EXERCISE REQUIREMENTS: What you should end up with is an exact copy of the lines from the one holding "Coronado 6 Piece" through the last line of the entries below, both included, and nothing else; leave every picture out.

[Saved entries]
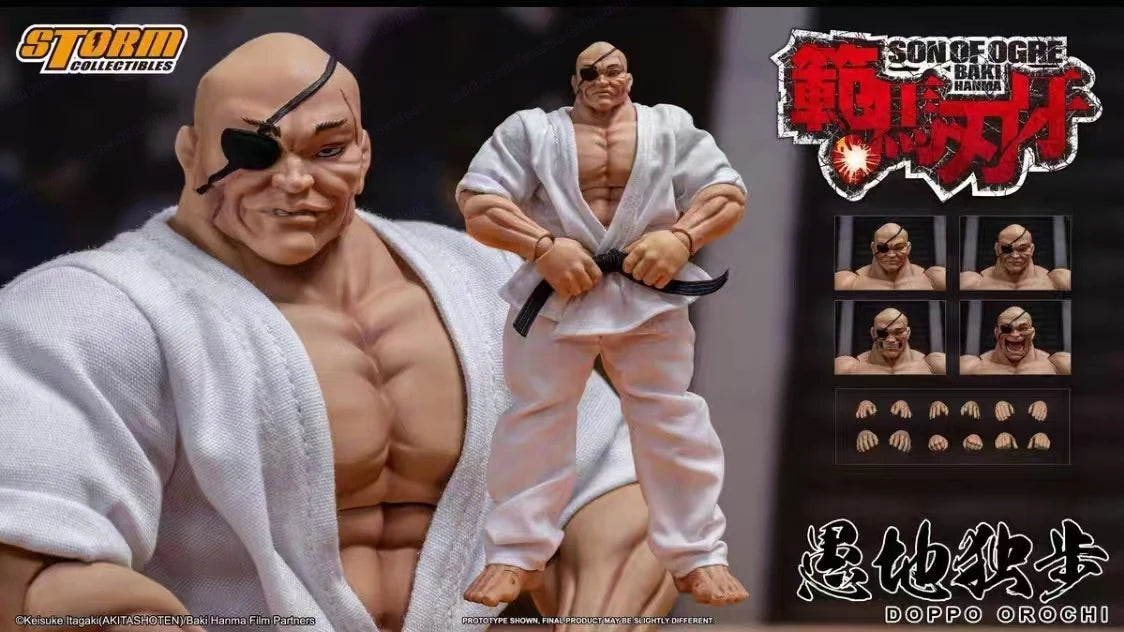 Storm Toys Son of Ogre Baki Hanma Doppo Orochi Action 1/12 Model Figure Figure Model Collection Toy Gift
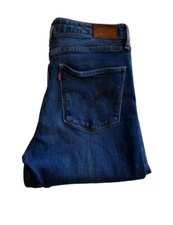 A74 LEVIS 721 High Rise Men's Skinny  Blue Jeans Stretch W30 L34 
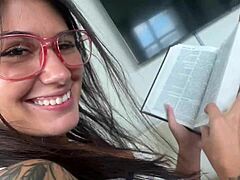 bookworm stepsis rides pov cock in taboo cowgirl missionary creampie fantasy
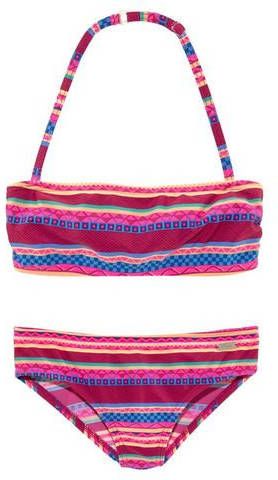 Buffalo Bandeaubikini Lux Kids met abstracte print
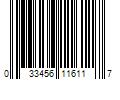 Barcode Image for UPC code 033456116117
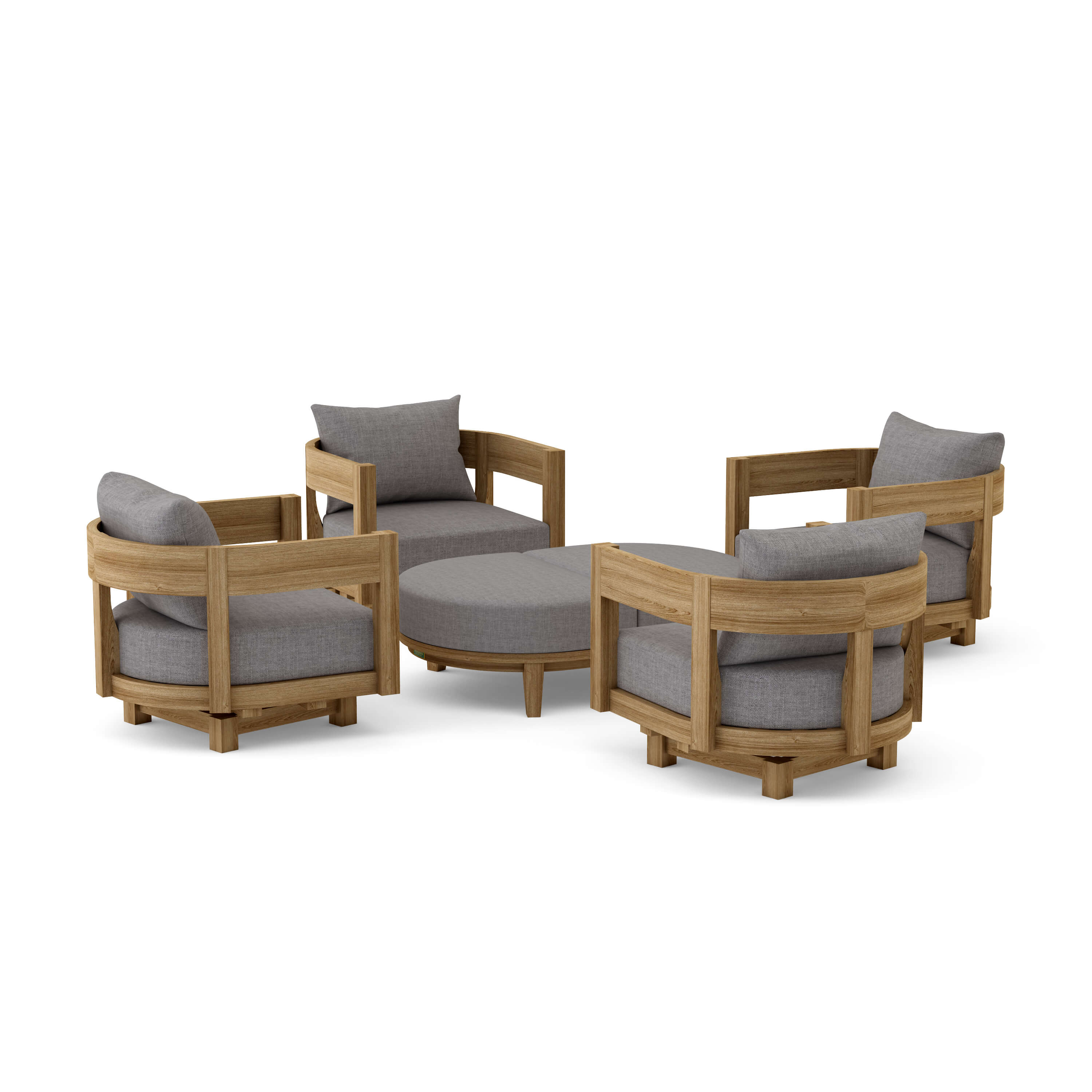 Coronado 6 Piece Deep Seating Set (SET 174) – A Grade Teak Solid Wood Outdoor Lounge by Anderson Teak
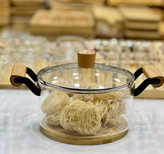 قابلمه پیرکس دسته بامبو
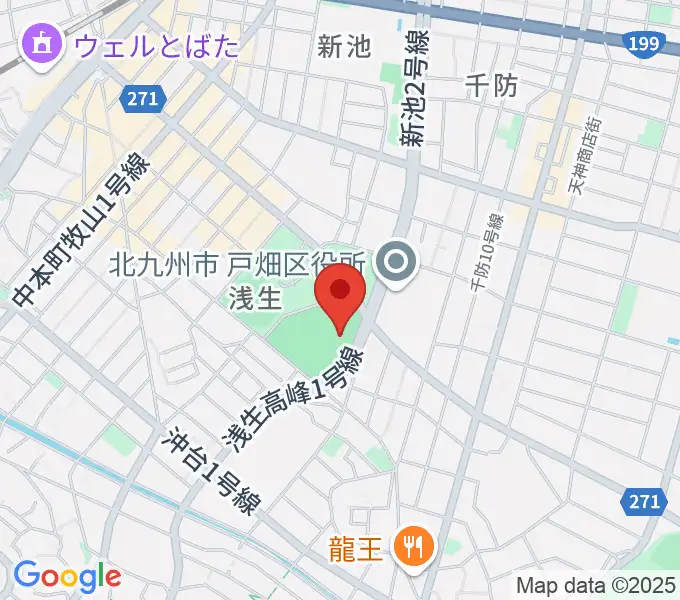 第一警備スポーツセンター戸畑の地図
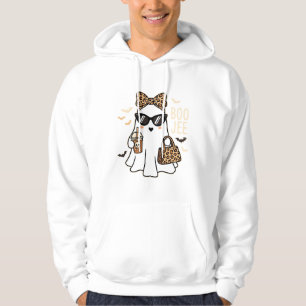 Boo Jee Süßer Geist Halloween Leopard Design_1 Hoodie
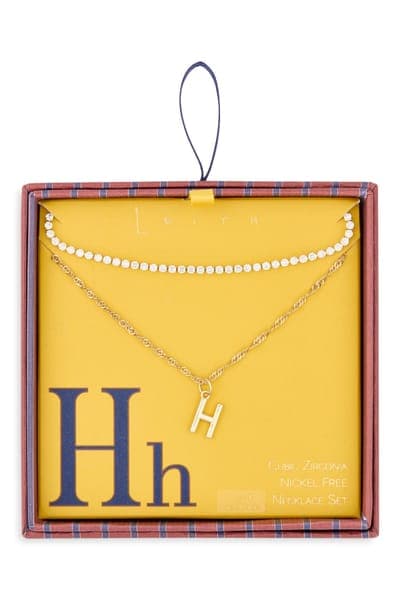Leith Initial & Cubic Zirconia Necklace Set 22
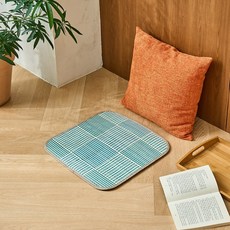 [모던하우스 인천점] 폭신한 대나무 방석 블루 패턴 45x45 -[CB4126005], 블루패턴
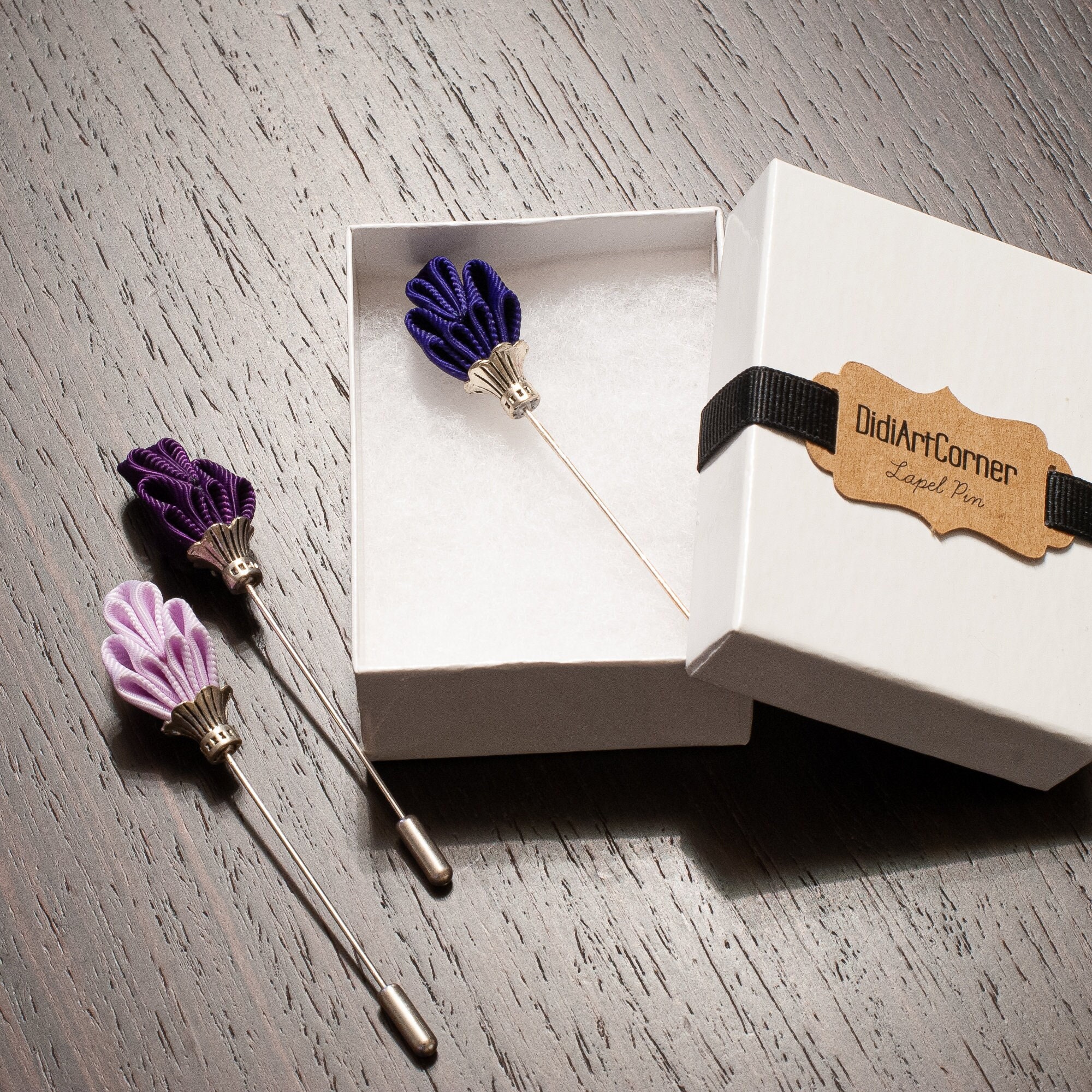 Broche Vintage Nœud émaillé Rose Et Or – Pins Boutonnière Revers, Occasion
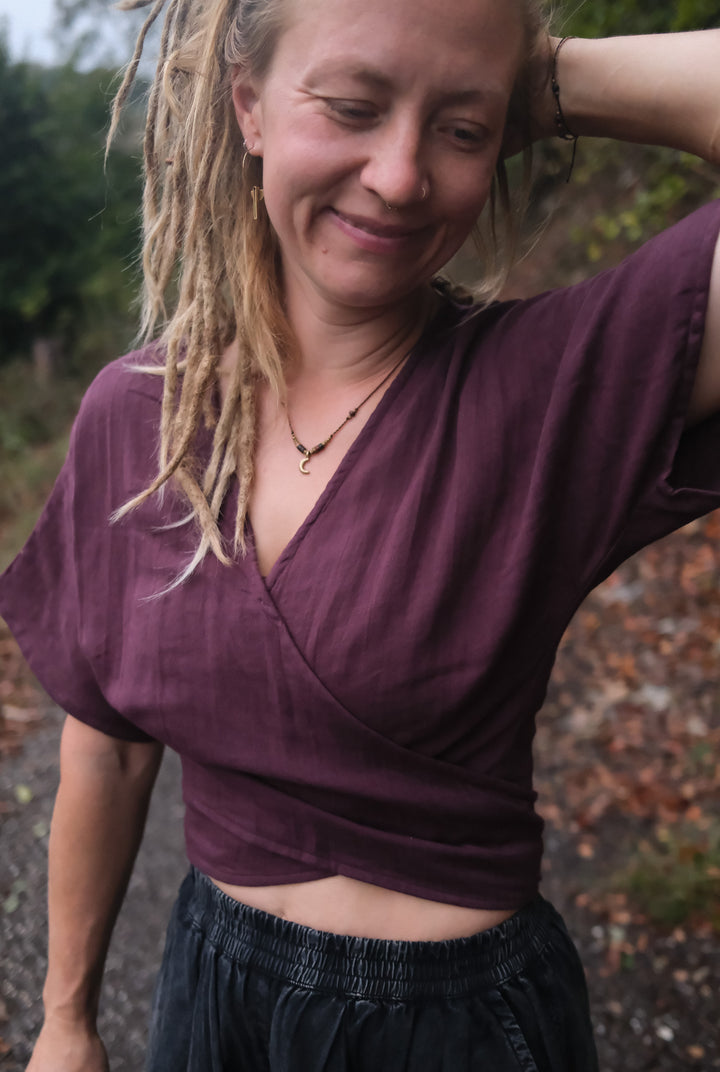 Wickeltop ~ LINNEA | Aubergine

WRITTEN SOLUTION:
 Coronado 6 Piece Deep Seating Set (SET 174) – A Grade Teak Solid Wood Outdoor Lounge by Anderson Teak
 قابلمه پیرکس دسته بامبو
 第一警備スポーツセンター戸畑の地図
 Boo Jee Süßer Geist Halloween Leopard Design_1 Hoodie
Leith Initial & Cubic Zirconia Necklace Set 22
 [모던하우스 인천점] 폭신한 대나무 방석 블루 패턴 45x45 -[CB4126005], 블루패턴
 Broche Vintage Nœud émaillé Rose Et Or – Pins Boutonnière Revers, Occasion
 Wickeltop ~ LINNEA | Aubergine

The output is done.